The Making of a Tyre is a process centered around indepth research and design capabilities, cutting edge manufacturing, utilising highly advanced machinery in large state-of-the-art plants at Apollo. As many as 200 raw materials are combined by a unique mix of chemistry, physics and engineering to give consumers the highest degree of comfort, performance, efficiency, reliability and safety by leveraging modern technology.

The process can broadly be broken into the following stages.

Tyres are custom-designed to meet the mechanics and performance needs of a particular usage and vehicle type. The process begins with a computer, which converts the mathematics of the vehicle’s special needs into measurable specifications. A prototype tyre is then made to test the design's ability to function as per the desired characteristics. Developing a market ready, successful tyre can takes many months of testing, inspection, and quality checks by the dedicated experts that make the Apollo team.

Radial tyre manufacturing starts with different kinds of raw materials — pigments, chemicals, different kinds of rubber, cord fabrics, bead wire, and so on.

Banbury Mixer

The process begins with the mixing of basic rubbers with process oils, carbon black, pigments, antioxidants, accelerators and other additives, each of which contributes certain properties to the compound.

These ingredients are mixed in giant blenders called Banbury machines operating under high heat and pressure. They blend the many ingredients together into homogenised batch of black material with the consistency of gum. The mixing process is computer-controlled to assure uniformity. The compounded materials are then sent to the next stage of processing for further processing into sidewalls, treads or other parts of the tyre.

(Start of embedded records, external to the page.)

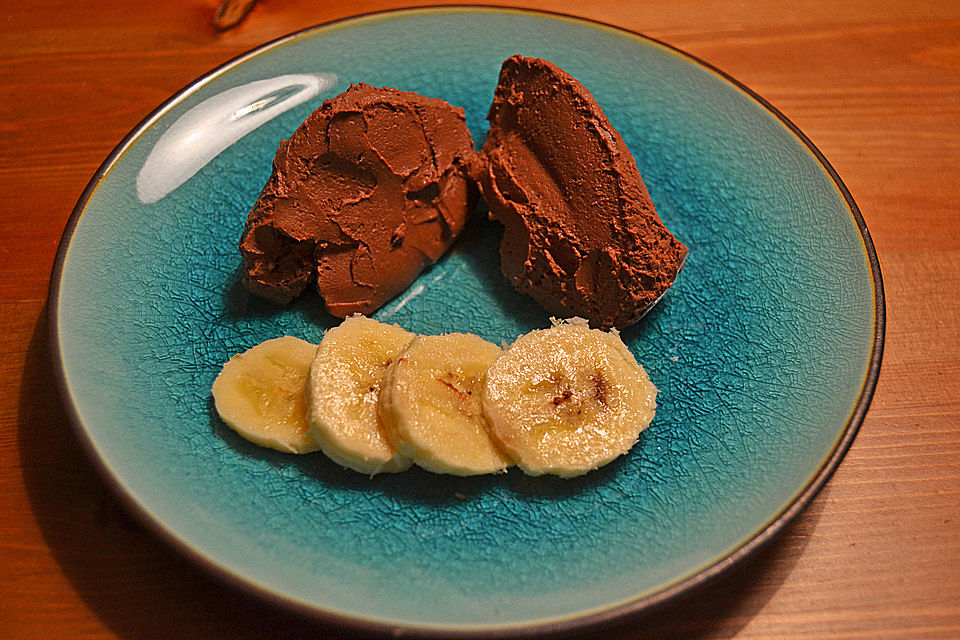 Vegane Mousse au Chocolat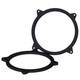 ATD SAR-40182 Front Door 6.5" 165mm Speaker Rings Adaptors For Mercedes Actros Models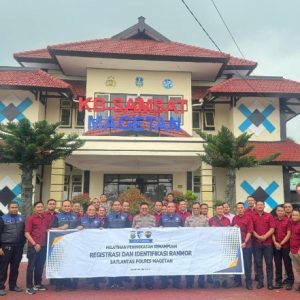 Satlantas Polres Magetan Gelar Pelatihan Registrasi Dan Identifikasi Ranmor Di KB Samsat Satlantas Polres Magetan Gelar Pelatihan Registrasi Dan Identifikasi Ranmor Di KB Samsat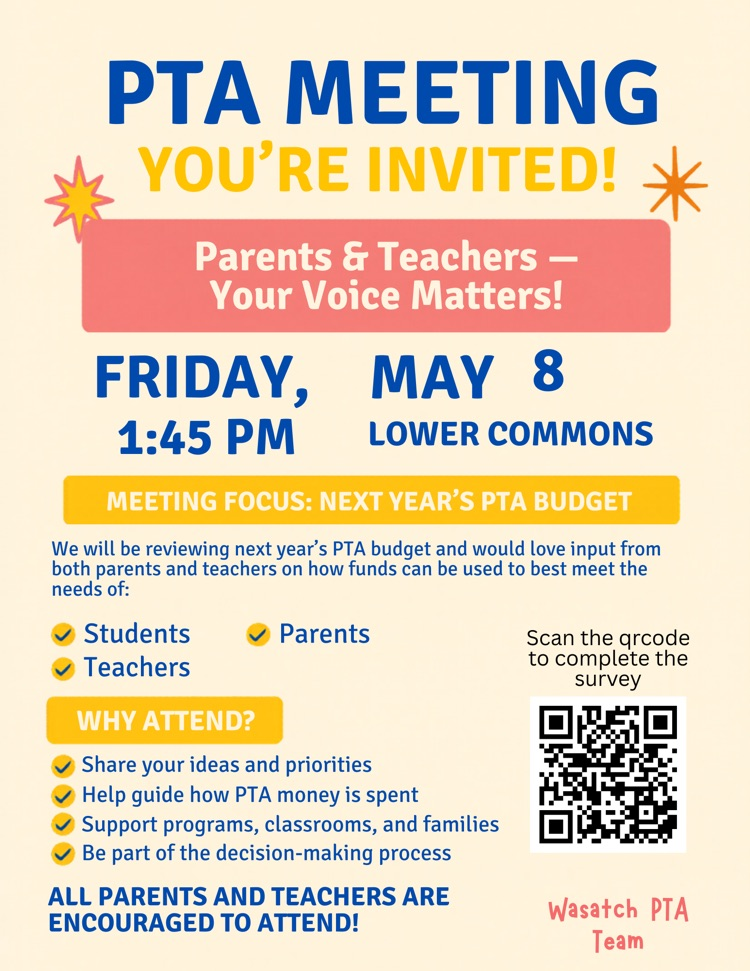 pta meeting 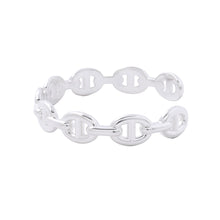 Load image into Gallery viewer, HERMES Chaine d'Ancre Bangle Size LG SV925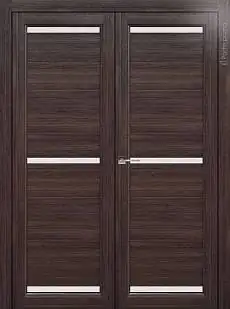 Дверь Sorrento / Сорренто Е3 Венге Нуар без стекла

Then the task of assembling the tyre begins. The first component to go on the tyre building machine is the inner liner, a special rubber that is resistant to air and moisture penetration and takes the place of an inner tube. Next comes the body plies and belts, which are often made from polyester and steel. Plies and belts give the tyre strength while also providing flexibility. The belts are cut to the precise angle and size specified by the tyre engineer to provide the desired ride and handling characteristics.

Bronze-coated strands of steel wire, fashioned into two hoops, are implanted into the sidewall of the tyres to form the bead, which assures an airtight fit with the rim of the wheel. The strands are aligned into a ribbon coated with rubber for adhesion, then wound into loops that are then wrapped together to secure them until they are assembled with the rest of the tyre.

Curing Press

Radial tyres are built on one or two tyre machines. The tyre starts with a double layer of synthetic gum rubber called an inner liner that will seal in air and make the tyre tubeless.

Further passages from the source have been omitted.